I probably should’ve put this on Hollywood Actor Prep, because this interview is so much about acting.

Stephen Lang is a real actor’s actor.  It’s in the way he sees the character he’s playing, and the acting choices he makes that give the roles so much dimension.

Between Public Enemies, and Avatar, this actor has had a really good year. After a lotta years, acting…

Actor Stephen Lang in Avatar

From Geoff Boucher, Hero Complex, LA Times

“Quaritch is number-orientated, he’s very squared away and there’s nothing raggedy about him at all,” said Lang, who has a history of playing military men on-screen. “He is in a constant state of code red.”…Watching Lang’s Quaritch serenely sip his coffee during the slaughter of an alien tribe in “Avatar” suggests that he orders off the same commando breakfast menu.

Lang has been “chameleonic” in his film career, as director Cameron puts it, and in a way that has given him a certain measure of anonymity with moviegoers. Whether the role was Ike Clanton in “Tombstone,” Harry Black in “Last Exit to Brooklyn” or a Civil War icon (he played Gen. “Stonewall” Jackson in “Gods and Generals” and Maj. Gen. George E. Pickett in “Gettysburg”), Lang is more of an actor than a movie star.

For “Public Enemies,” Lang said the settings became characters.

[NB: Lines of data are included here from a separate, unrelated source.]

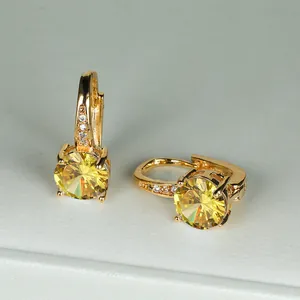 Dettaglio di orecchini a cerchio placcati in oro con grande zircone giallo e piccoli accenti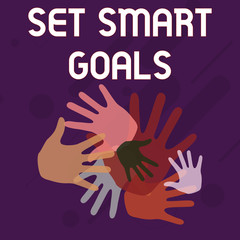 Writing note showing Set Smart Goals. Business concept for giving criteria to guide in the setting of objectives Hand Marks of Different Sizes for Teamwork and Creativity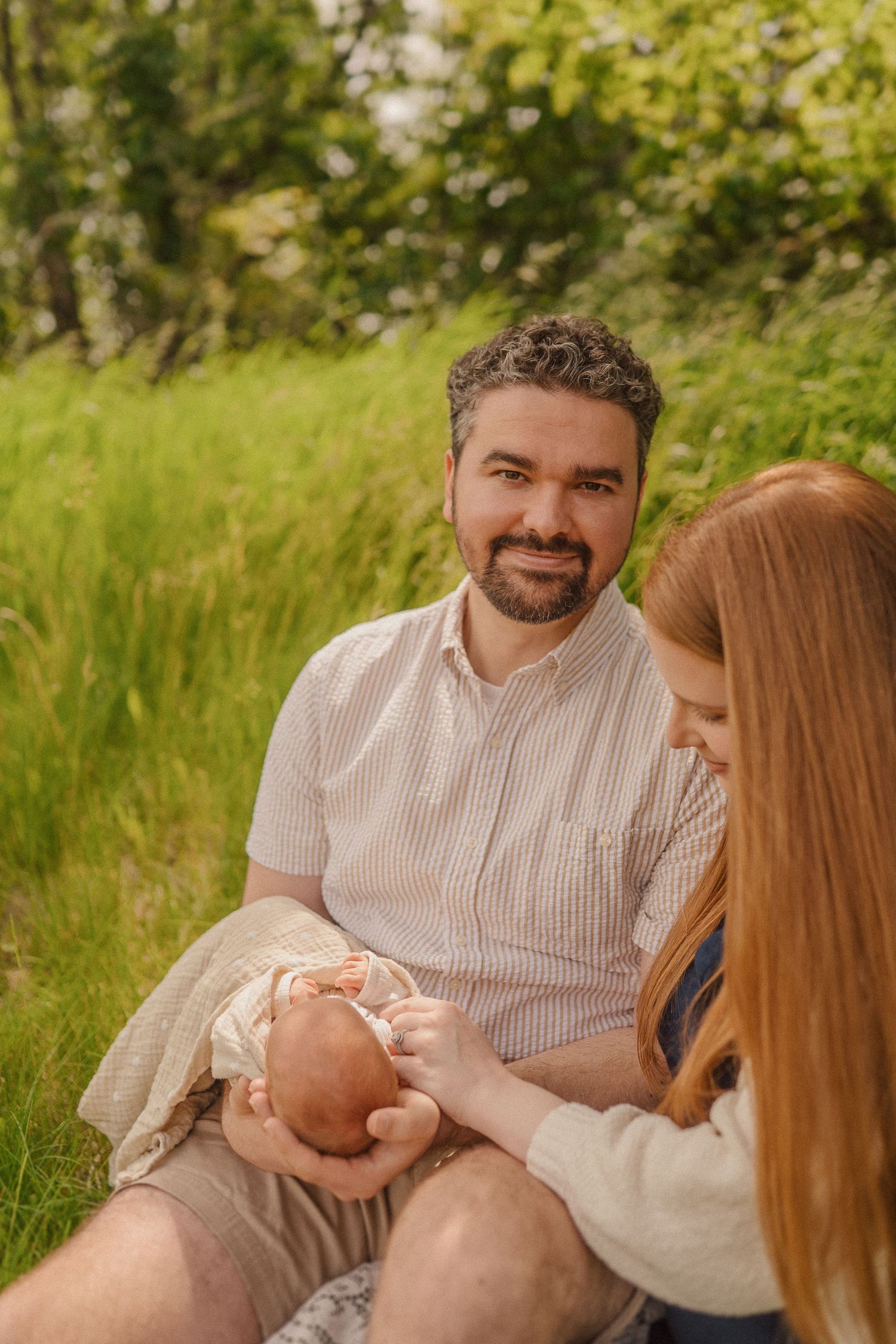 A couple sits together on grass outdoors with their newborn baby on a sunny summer day.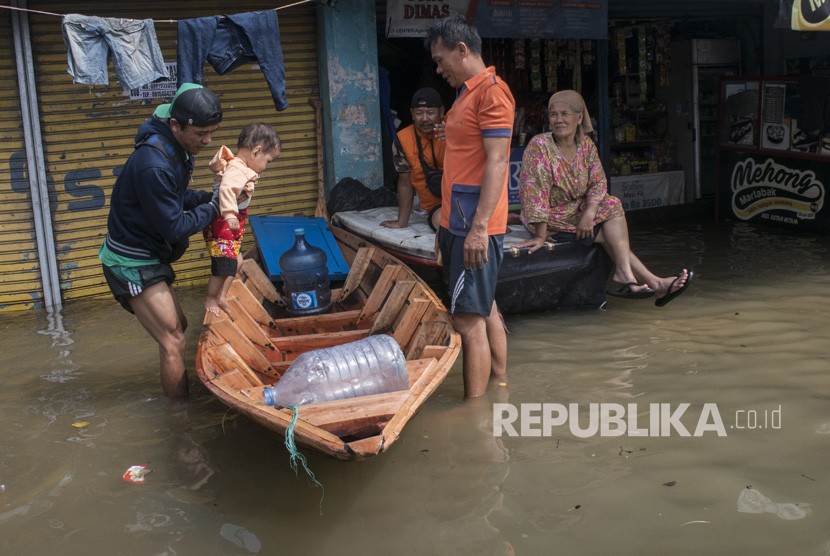 Warga menaikkan balita ke atas perahu untul melintasi genangan banjir luapan sungai Citarum di Kawasan Baleendah, Kabupaten Bandung, Jawa Barat, Jumat (5/4/2019). 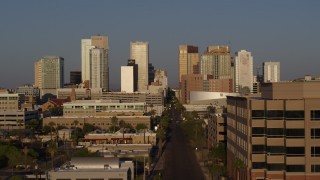 5.7K aerial stock footage follow Adams Street toward skyline of Downtown Phoenix, Arizona, sunset Aerial Stock Footage | DX0002_143_025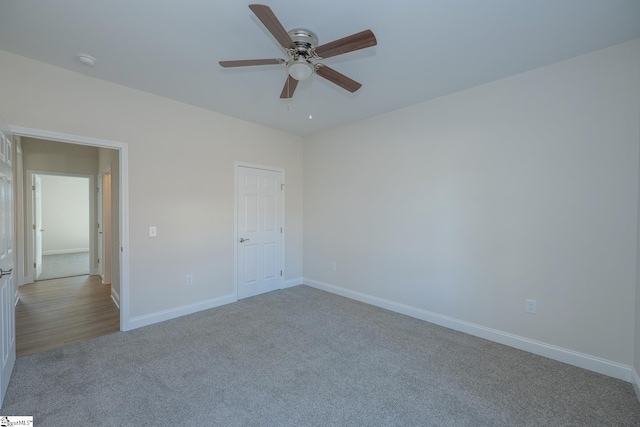 unfurnished bedroom with carpet flooring, baseboards, and ceiling fan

The movie was filmed, in many instances, on the same sites where the gangsters and G-men squared off and wrote American crime history in bullet holes and blood splatters.

“We were in places where the history happened on ‘Public Enemies.’ I shot Johnny down on the same spot where the real John Dillinger was shot. Did that contribute to the performance? I suspect so. ”

actor stephen lang in the film public enemies

That was a very different exercise, he said, than “Avatar,” which on many days was filmed in blank-walled rooms where unseen digital jungles would be added later.

Cameron said he had been watching Lang for quite a while. He took note of Lang’s lead performance in the 1986 crime film “Band of the Hand” and considered him for one of the military-man roles in “Aliens,” released that same year.

For Avatar, Lang secured the role of Quaritch during an audition where he pounced on the startled production assistant who was reading opposite of him. “He grabbed him by the head,” Cameron said, “and he pretty much got the job right there.”

The actor said working with [James]  Cameron was demanding and invigorating.

“Jim is extremely focused and quite ferocious in pursuit of what we’re doing. He’s also a hell of a lot of fun to work with and has a good humor about him. He demands a tremendous amount not by saying, ‘This is what I demand of you,’ but by his own intensity and preparation. With Jim Cameron, you are challenged and supported and that’s a pretty great combination.”

Asked why he specializes in the roles of rigid men in harm’s way, Lang pondered the question but couldn’t come up with an answer that satisfied him. He pointed out, though, that despite the aura of discipline and chain of command, the military men he has played all tended to break the rules — or perhaps write new ones.

“They were mavericks,” Lang said of his own character corps. “They didn’t tend to do things by the book. They took it a place of the unexpected and the extreme. These are the guys who go outside and that go, as they say, above and beyond, the ones that do what cannot be done. The ones we go back to over and over again — Guadalcanal or the madness of Pickett’s charge. These are things that if you took a truly aerial view of, you would gasp and say, What were they thinking?’”

“It’s fine with me,” said Lang, who pointed to his extensive background in theater as the perfect preparation for modern blockbuster-making. “But when you’re in a performance-capture setting or green screen, you’re getting back to the real basic stuff of acting. You don’t have a lot of things presented to you in a rehearsal room, either. In a rehearsal room your real resource as an actor aren’t the things around you; your resources are your imagination and your director and the other actors. In those close quarters your imagination and your skills are what you turn to.”